▸ Brief
Exactly as written, output the lines below starting from the first and ending with the line that contains "One question I"; omit pictures.

▸ Data segment
################

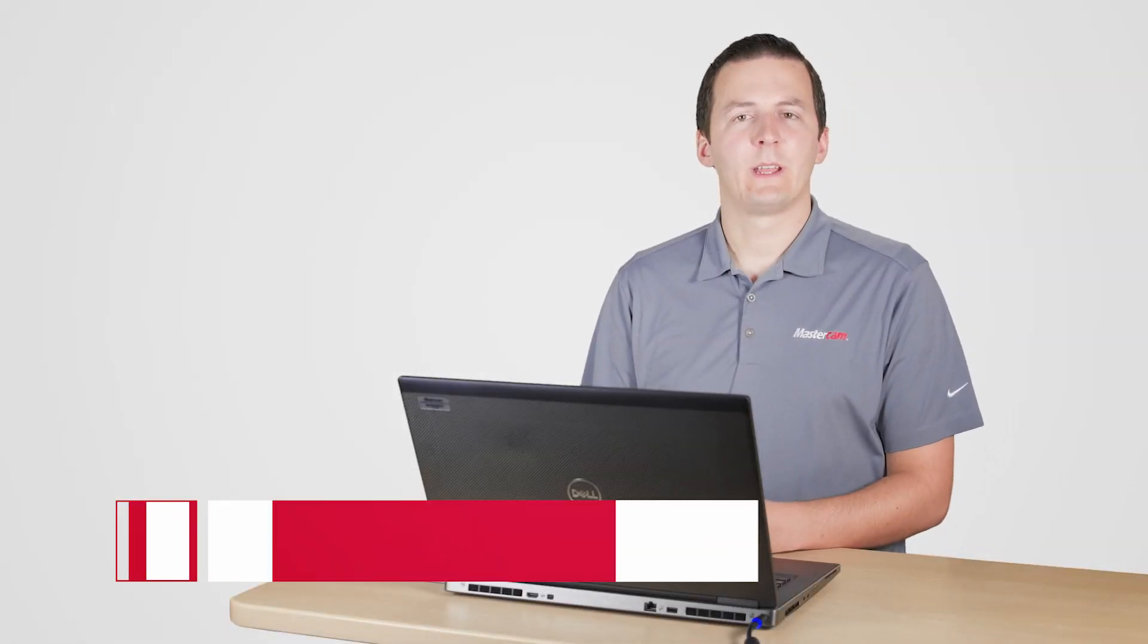Hi, I'm Chad with Mastercam, and in this video I want to show you some tips for analyzing entity association.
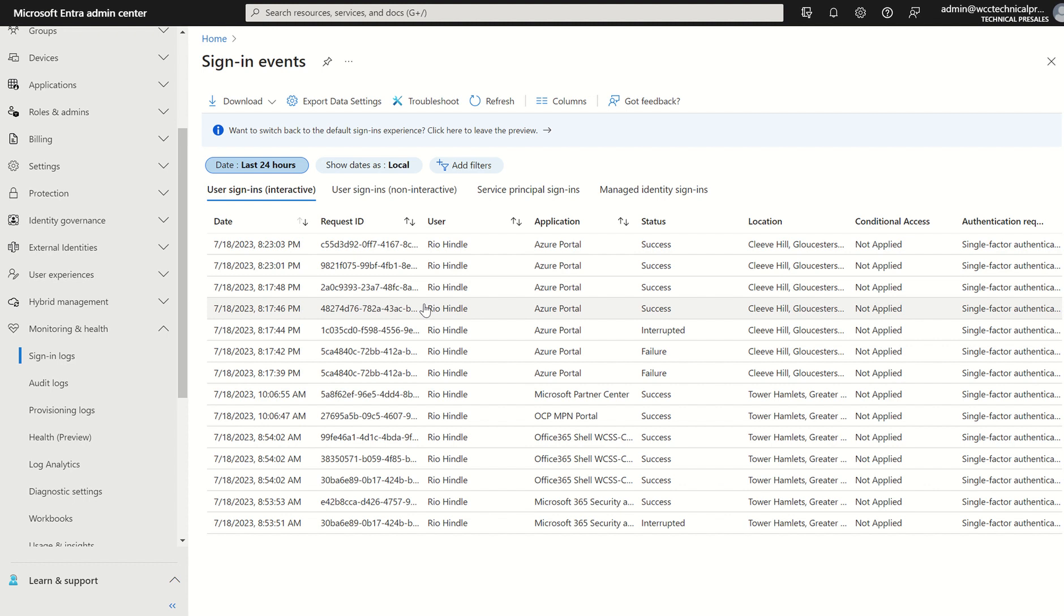One question I get asked is, if I had a compromise for example within my organization, can I see last month's data? Well, say for example I've got free tier licensing, I've just been compromised.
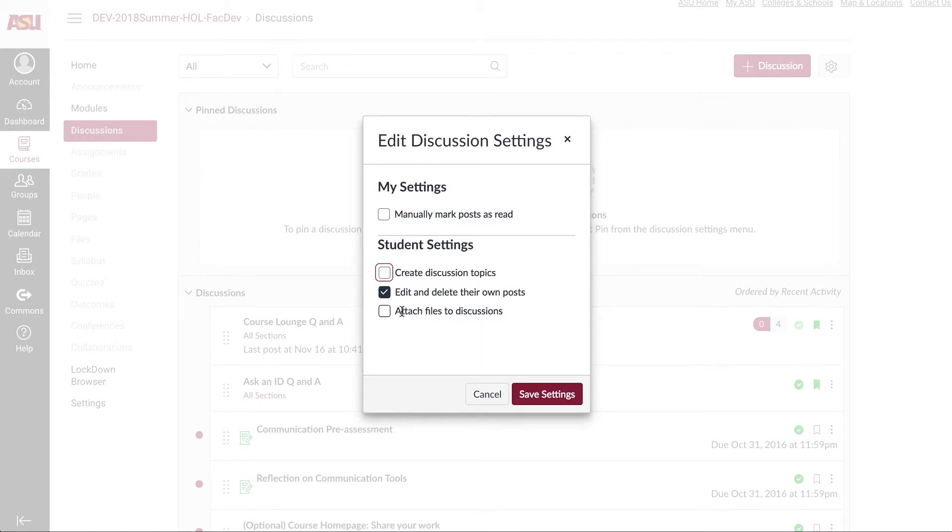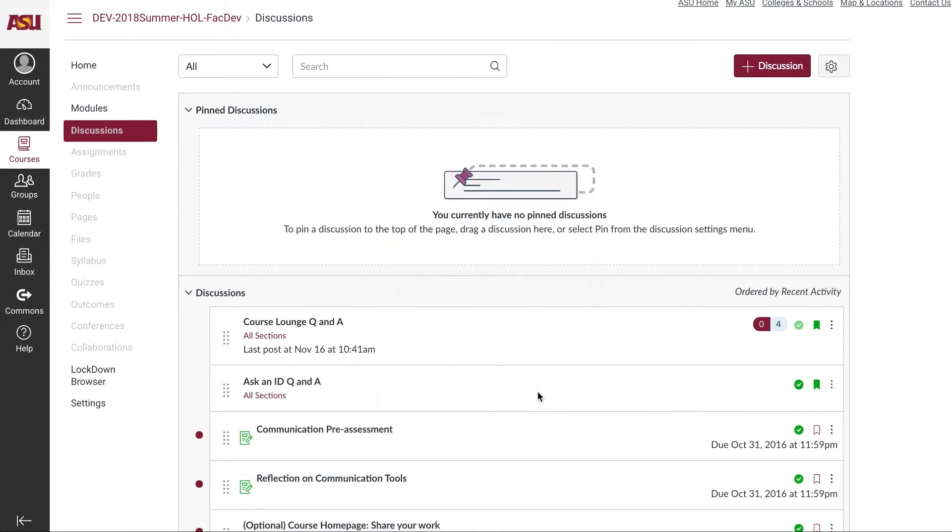The last one, which is turned off by default, is attach files to discussions. Go ahead and turn that on and save the settings.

################

▸ Output of the task
Hi, I'm Chad with Mastercam, and in this video I want to show you some tips for analyzing entity association.
One question I get asked is, if I had a compromise for example within my organization, can I see last month's data? Well, say for example I've got free tier licensing, I've just been compromised.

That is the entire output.